Just out of interest, have any of you have done jury service ? I have done it twice, once in England, Maidstone Crown Court, and in Scotland, Dundee Sheriff Court. The two systems being completely different.
If it was a choice between executing them or not.......then I would be OK with them being jailed until they could prove their innocence....never seen the point, myself of posthumous pardons...because posthumous means too bliddy late! Those who have had posthumous pardons are just as much victims as the person they were erroneously hanged for killing..but they are victims of everyone in the country via the state......and their family has no comeback as in their child's killer being prosecuted and hanged to make them feel better........so the original victim's family gets closure because someone has died to compensate for their loss...and the family of the innocent person who was hanged, because he didn't do it, but might have been in the wrong place at about the wrong time doesn't.........despite the fact that he/she was effectively murdered by the state.

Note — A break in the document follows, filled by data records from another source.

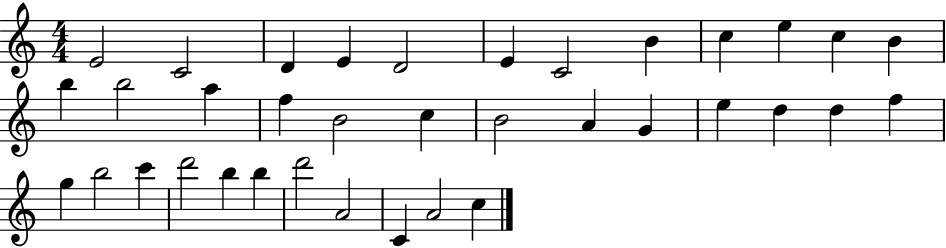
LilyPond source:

{
  \clef treble
  \numericTimeSignature
  \time 4/4
  \key c \major
  e'2 c'2 | d'4 e'4 d'2 | e'4 c'2 b'4 | c''4 e''4 c''4 b'4 | \break b''4 b''2 a''4 | f''4 b'2 c''4 | b'2 a'4 g'4 | e''4 d''4 d''4 f''4 | \break g''4 b''2 c'''4 | d'''2 b''4 b''4 | d'''2 a'2 | c'4 a'2 c''4 | \break \bar "|."
}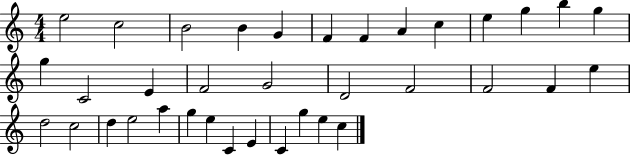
E5/h C5/h B4/h B4/q G4/q F4/q F4/q A4/q C5/q E5/q G5/q B5/q G5/q G5/q C4/h E4/q F4/h G4/h D4/h F4/h F4/h F4/q E5/q D5/h C5/h D5/q E5/h A5/q G5/q E5/q C4/q E4/q C4/q G5/q E5/q C5/q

You are doing black and white..all the pro-death penalty supporters are.....but jury verdicts are never black and white......."the balance of probabilities" and "beyond any reasonable doubt" never is, by definition........if there are any other feasible probabilities or any doubts even one juror thinks is reasonable, there is no certainty. Verdicts, in all court cases, barring a full confession with convincing detail, is the interpretation, after discussion, of the evidence, of fifteen people like you and me, in Scotland...and would you think that neither of us would be viewing the case bar through our own POVs, and that the other thirteen jurors would be doing the same.....really?
But that is the point......the only people who could be executed with certainty of their culpabilty are those who confess to the crime with enough detail to prove it. Anyone sentenced after a trial in the UK is as likely to be innocent as not, given that trials in the UK are little more than stages for lawyers to show they are more clever/devious than their opponent.

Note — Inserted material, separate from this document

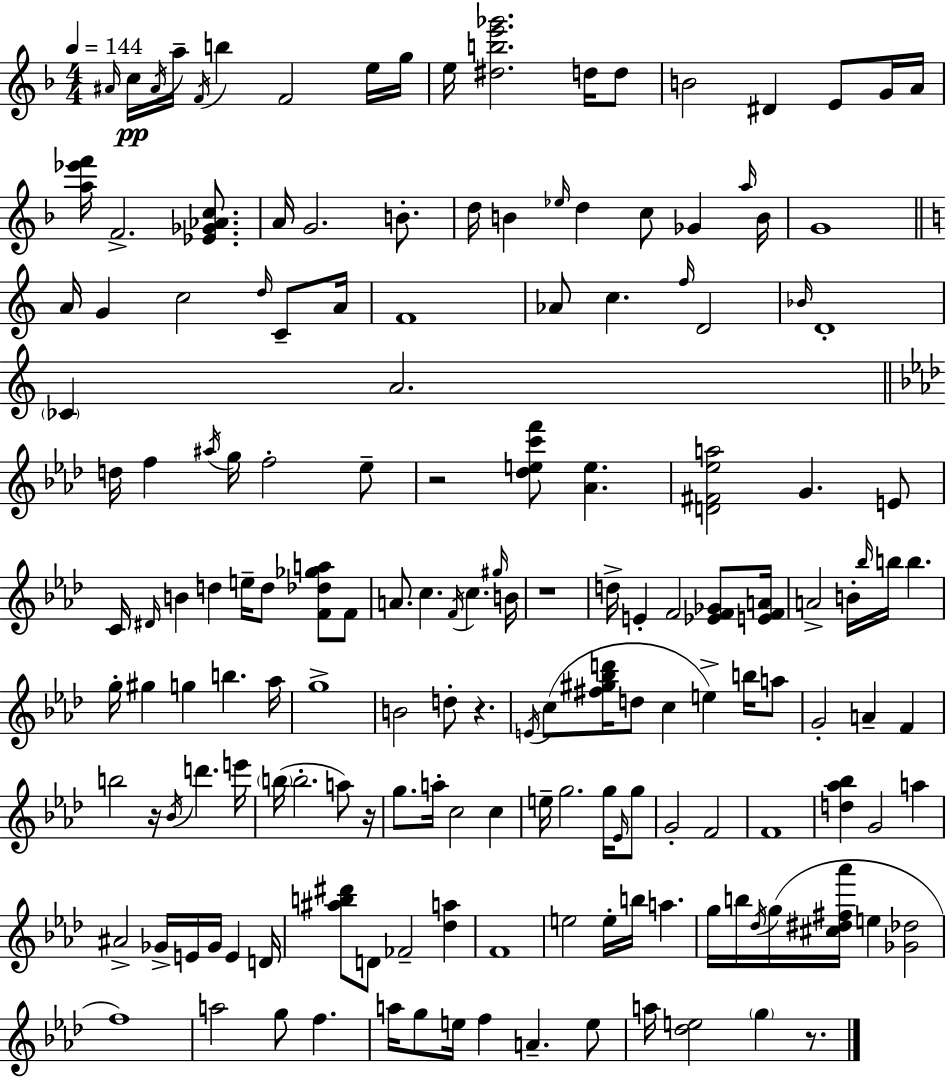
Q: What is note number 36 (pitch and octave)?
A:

Way back in the 1970s when I was at college, our Law Lecturer took us to a murder trial in Inverness....and after a day sitting watching it, I, a reasonably intelligent person, left completely confused, and thanking God I wasn't a member of the jury having to come to a decision.

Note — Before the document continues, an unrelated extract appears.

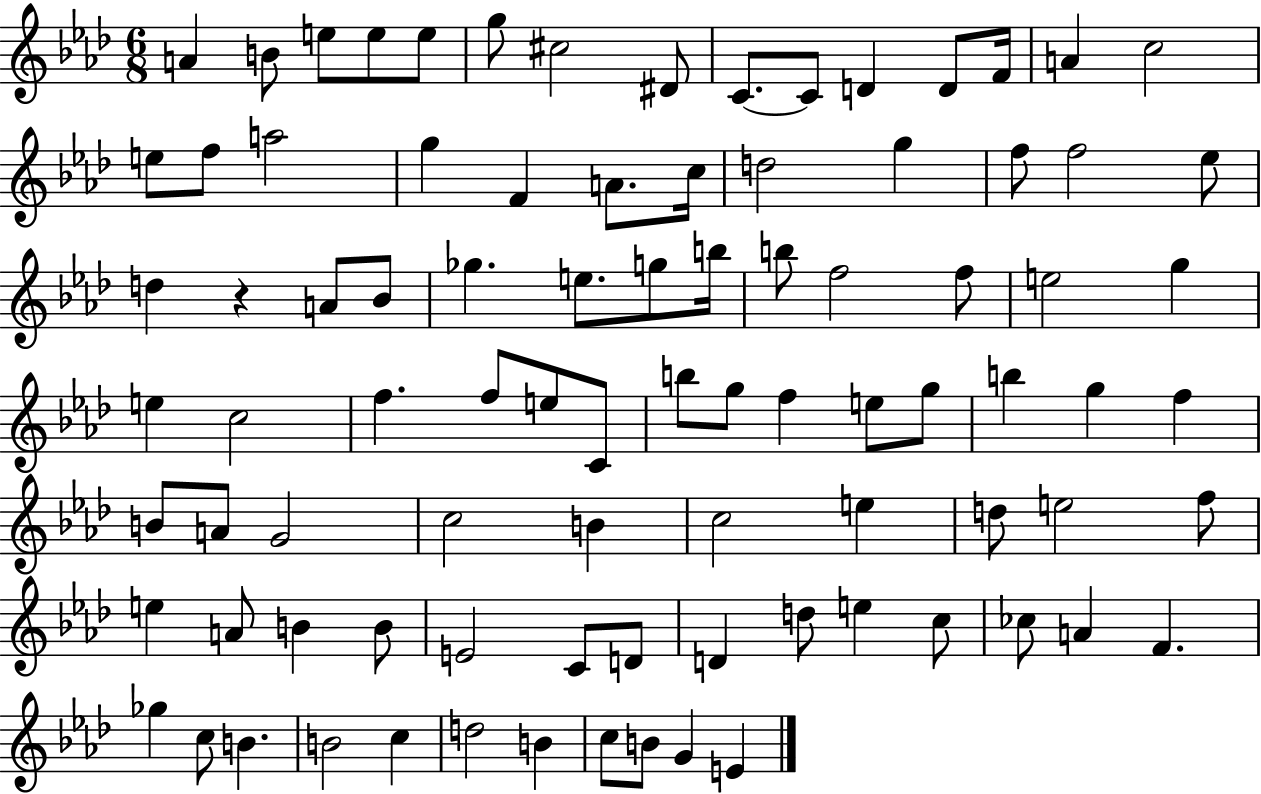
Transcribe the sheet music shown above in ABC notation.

It would be very very difficult (if not impossible) for the guilty to be "proven beyond all doubt".
Even where dna is involved (that's not to say that it is a very good tool, but we should be careful).
hereYes, there is always a possibility that the state-of-the-art DNA testing result is faulty: there might have been a contamination of the materials or the testing might not have been conducted properly, and there have definitely been mistakes made in the past that were revealed later.
Indeed, there is a very well known case in Japan (Ashikaga Case) where a man was implicated by faulty DNA evidence and later exonerated by more sophisticated DNA evidence.
Get real : so you would stand in front of an innocent executed persons family and make the "its for the greater good..a mistake was made arguement....I find your comments absolutely disgusting, I am not making a mollycoddle the accused arguement and don't dare drag me into the kiddie molestation / rapes points you make as if I condone this, I have personal experience in dealing with the horrific murder of a close relative, the murderers did their time....would it have brought my relative back if they had been hanged !!! No...: I think people like you get a thrill out of this garbage so crawl back into your cess pit
So you are happy to send someone that could be innocent to jail? To deprive them of their freedom. To deprive them of their family, maybe depriving them of seeing their children and grandchildren grow up? To wreck their career, perhaps cause them to lose their home if being in jail means they cannot keep up the mortgage payments on their house, to perhaps cause a marital breakup, to possibly cause them to descend into drug use out of boredom whilst behind bars, to cause them to "turn criminal" due to the criminal associations they will form whilst being wrongly held. You are happy to do this to an innocent person? And you believe treating innocent people in this way is civilised?